`xlm.utils.hf_hub`

Utilities for Hugging Face Hub integration.

`repo_id_from_hf_path(path)`

Extract repo_id from HF Hub path (URL or org/repo). Returns None if invalid.

`download_model_weights(repo_id, revision='main', token=None)`

Download model weights from Hugging Face Hub.

Tries model.safetensors, then sharded safetensors (model.safetensors.index.json plus shard files), then pytorch_model.bin.

Parameters:

Name	Type	Description	Default
`repo_id`	`str`	Hugging Face repository ID (e.g., "org/model").	required
`revision`	`str`	Git revision (branch, tag, or commit). Defaults to "main".	`'main'`
`token`	`str \| None`	HF token for private repos. Uses HF_HUB_KEY env if None.	`None`

Returns:

Type	Description
`str`	Path to the downloaded weights file, or to `model.safetensors.index.json` when
`str`	weights are sharded (see :func:`load_model_weights_into_model`).

Raises:

Type	Description
`ValueError`	If no supported weight layout exists in the repo.

`load_model_state_dict_from_file(checkpoint_path, map_location='cpu', weights_only=True, mmap=True)`

Load model state dict from a checkpoint file (safetensors or pickle).

For .safetensors uses load_file directly (no metadata validation). For model.safetensors.index.json merges all referenced shards into one dict (high peak RAM for large models; prefer loading via load_model_weights_into_model). For .bin/.pt uses torch.load.

Parameters:

Name	Type	Description	Default
`checkpoint_path`	`str`	Path to model weights, index JSON, or pytorch_model.bin.	required
`map_location`	`str`	Device to load tensors to.	`'cpu'`
`weights_only`	`bool`	If True, use weights_only for pickle (PyTorch >= 1.13).	`True`
`mmap`	`bool`	If True, use mmap for loading the checkpoint. Saves CPU RAM.	`True`

Returns: State dict for model.load_state_dict().

`load_model_weights_into_model(model, checkpoint_path, map_location='cpu', strict=True, weights_only=True)`

Load weights from checkpoint into model. Aligns with harness and hub_mixin.

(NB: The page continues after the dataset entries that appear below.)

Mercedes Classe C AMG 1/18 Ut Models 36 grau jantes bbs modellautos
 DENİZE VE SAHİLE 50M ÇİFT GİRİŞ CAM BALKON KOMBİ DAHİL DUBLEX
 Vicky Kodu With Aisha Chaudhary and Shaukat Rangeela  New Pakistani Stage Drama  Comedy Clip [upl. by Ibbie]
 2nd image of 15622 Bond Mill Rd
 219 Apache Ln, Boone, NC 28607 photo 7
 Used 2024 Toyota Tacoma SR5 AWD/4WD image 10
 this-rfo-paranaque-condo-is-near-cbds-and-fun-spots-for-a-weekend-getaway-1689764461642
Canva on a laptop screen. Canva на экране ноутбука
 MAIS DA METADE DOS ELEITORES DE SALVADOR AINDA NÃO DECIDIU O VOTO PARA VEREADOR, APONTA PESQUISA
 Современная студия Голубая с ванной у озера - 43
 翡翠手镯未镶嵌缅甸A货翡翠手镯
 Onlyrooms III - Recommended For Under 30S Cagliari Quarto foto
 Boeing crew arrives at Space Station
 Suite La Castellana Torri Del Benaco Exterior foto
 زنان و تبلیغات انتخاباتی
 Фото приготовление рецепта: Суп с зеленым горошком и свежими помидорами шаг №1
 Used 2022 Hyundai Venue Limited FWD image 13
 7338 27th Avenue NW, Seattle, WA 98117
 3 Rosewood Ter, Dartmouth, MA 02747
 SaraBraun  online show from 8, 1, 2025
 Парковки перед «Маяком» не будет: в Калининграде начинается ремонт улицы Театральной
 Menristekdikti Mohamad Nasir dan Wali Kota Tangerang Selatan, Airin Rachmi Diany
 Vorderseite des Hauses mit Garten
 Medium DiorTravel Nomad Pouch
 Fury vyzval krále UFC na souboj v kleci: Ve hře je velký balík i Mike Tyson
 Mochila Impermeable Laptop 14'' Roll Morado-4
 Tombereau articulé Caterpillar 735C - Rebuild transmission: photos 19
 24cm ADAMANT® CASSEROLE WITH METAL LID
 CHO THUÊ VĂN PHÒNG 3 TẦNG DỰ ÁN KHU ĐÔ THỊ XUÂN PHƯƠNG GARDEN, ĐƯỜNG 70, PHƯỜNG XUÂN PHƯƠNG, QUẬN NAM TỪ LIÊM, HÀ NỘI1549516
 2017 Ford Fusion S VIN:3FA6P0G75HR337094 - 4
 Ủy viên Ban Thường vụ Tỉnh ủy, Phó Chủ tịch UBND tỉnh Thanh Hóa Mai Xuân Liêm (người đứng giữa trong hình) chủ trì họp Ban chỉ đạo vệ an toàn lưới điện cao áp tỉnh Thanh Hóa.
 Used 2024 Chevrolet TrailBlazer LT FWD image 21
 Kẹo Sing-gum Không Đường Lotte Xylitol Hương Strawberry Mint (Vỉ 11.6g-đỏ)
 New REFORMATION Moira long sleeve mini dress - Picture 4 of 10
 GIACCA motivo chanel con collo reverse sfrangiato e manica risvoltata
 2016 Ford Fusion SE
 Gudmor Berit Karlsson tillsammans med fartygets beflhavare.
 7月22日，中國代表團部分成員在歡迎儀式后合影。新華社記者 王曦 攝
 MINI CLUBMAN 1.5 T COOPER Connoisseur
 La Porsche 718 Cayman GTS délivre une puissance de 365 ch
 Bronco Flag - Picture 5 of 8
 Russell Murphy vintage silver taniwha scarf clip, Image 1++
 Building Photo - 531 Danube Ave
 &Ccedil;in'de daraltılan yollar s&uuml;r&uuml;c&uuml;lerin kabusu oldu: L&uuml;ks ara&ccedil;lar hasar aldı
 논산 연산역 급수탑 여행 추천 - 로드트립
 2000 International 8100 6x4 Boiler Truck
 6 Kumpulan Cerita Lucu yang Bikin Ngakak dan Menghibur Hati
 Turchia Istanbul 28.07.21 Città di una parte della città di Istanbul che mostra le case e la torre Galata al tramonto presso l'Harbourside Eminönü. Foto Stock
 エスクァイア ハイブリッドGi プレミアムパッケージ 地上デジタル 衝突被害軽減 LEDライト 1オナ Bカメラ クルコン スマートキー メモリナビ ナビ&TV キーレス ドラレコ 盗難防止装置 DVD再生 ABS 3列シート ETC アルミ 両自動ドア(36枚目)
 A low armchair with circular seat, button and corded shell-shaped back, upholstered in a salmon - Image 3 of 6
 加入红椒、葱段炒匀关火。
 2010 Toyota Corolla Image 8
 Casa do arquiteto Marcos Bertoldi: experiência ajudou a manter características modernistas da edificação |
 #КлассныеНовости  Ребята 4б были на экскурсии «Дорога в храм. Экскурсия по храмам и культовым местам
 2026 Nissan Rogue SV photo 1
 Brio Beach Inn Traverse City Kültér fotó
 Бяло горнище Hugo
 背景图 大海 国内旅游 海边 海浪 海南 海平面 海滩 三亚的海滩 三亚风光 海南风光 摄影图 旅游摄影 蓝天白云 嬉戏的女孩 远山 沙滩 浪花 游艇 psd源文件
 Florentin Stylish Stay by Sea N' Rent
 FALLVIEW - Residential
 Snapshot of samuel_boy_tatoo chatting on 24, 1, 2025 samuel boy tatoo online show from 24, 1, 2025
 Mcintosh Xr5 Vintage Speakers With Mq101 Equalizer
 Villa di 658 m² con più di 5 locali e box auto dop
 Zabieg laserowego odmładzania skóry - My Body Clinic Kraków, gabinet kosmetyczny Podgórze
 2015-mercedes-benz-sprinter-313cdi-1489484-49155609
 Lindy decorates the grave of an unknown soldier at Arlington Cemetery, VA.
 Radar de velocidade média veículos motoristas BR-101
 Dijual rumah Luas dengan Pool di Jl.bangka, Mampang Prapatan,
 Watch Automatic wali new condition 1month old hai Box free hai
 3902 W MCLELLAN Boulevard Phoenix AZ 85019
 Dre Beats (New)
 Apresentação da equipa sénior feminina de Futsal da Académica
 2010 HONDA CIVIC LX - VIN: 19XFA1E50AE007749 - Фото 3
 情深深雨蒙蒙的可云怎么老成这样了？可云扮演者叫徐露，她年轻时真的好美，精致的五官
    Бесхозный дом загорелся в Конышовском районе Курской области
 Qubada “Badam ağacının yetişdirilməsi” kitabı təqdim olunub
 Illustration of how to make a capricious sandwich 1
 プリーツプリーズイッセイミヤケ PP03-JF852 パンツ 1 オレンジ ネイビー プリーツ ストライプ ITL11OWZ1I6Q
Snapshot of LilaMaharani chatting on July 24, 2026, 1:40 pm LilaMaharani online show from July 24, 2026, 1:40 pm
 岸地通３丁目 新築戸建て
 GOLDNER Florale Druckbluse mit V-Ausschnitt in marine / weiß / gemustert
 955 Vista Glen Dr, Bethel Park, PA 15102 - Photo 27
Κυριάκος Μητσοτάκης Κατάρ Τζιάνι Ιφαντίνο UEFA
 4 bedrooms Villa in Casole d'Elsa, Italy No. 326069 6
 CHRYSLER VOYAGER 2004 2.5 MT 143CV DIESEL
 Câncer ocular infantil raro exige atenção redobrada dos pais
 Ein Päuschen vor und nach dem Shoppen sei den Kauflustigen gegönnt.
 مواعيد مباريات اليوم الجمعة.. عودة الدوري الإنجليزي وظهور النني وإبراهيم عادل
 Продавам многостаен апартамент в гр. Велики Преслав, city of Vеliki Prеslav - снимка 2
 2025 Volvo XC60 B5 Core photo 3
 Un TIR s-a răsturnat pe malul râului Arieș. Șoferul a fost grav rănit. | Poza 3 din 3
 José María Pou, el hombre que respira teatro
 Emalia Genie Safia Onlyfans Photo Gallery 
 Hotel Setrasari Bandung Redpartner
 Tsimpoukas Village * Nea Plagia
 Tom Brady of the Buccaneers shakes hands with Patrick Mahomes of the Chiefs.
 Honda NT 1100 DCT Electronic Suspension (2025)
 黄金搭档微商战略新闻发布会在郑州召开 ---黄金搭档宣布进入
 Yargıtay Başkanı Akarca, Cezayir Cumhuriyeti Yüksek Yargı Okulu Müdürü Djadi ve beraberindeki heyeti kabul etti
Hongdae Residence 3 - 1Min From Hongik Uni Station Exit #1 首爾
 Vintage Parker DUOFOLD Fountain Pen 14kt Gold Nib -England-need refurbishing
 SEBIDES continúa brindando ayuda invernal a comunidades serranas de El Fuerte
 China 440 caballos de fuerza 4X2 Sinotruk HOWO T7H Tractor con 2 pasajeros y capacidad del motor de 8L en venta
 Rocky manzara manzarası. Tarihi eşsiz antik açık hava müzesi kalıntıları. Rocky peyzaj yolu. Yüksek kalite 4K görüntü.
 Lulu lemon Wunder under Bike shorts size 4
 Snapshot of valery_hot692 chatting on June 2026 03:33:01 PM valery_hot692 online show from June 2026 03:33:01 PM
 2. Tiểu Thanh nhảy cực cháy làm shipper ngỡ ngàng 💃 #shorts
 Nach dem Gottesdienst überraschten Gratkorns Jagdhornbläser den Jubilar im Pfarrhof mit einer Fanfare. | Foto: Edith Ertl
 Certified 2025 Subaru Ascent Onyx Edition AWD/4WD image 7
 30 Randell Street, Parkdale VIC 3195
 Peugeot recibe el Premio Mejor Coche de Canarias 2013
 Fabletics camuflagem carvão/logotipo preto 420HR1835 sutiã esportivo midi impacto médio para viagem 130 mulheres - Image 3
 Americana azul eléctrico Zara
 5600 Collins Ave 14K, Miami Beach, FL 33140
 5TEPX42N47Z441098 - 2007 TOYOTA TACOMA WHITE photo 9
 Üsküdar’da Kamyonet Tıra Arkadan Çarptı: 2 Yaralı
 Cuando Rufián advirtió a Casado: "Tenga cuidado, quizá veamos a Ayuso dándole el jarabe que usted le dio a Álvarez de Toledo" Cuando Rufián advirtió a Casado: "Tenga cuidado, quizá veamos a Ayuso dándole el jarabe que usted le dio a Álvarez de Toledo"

For .safetensors uses safetensors.torch.load_model (handles tensor sharing). For sharded safetensors (model.safetensors.index.json) loads one shard at a time to limit peak CPU memory (avoids holding a full merged state dict). For .bin/.pt uses model.load_state_dict(torch.load(...)).

Parameters:

Name	Type	Description	Default
`model`	`Module`	The model to load weights into.	required
`checkpoint_path`	`str`	Path to weights file, safetensors index, or pytorch_model.bin.	required
`map_location`	`str`	Device to load tensors to.	`'cpu'`
`strict`	`bool`	Whether to enforce exact key match (safetensors) or pass to load_state_dict.	`True`
`weights_only`	`bool`	If True, use weights_only for pickle (PyTorch >= 1.13).	`True`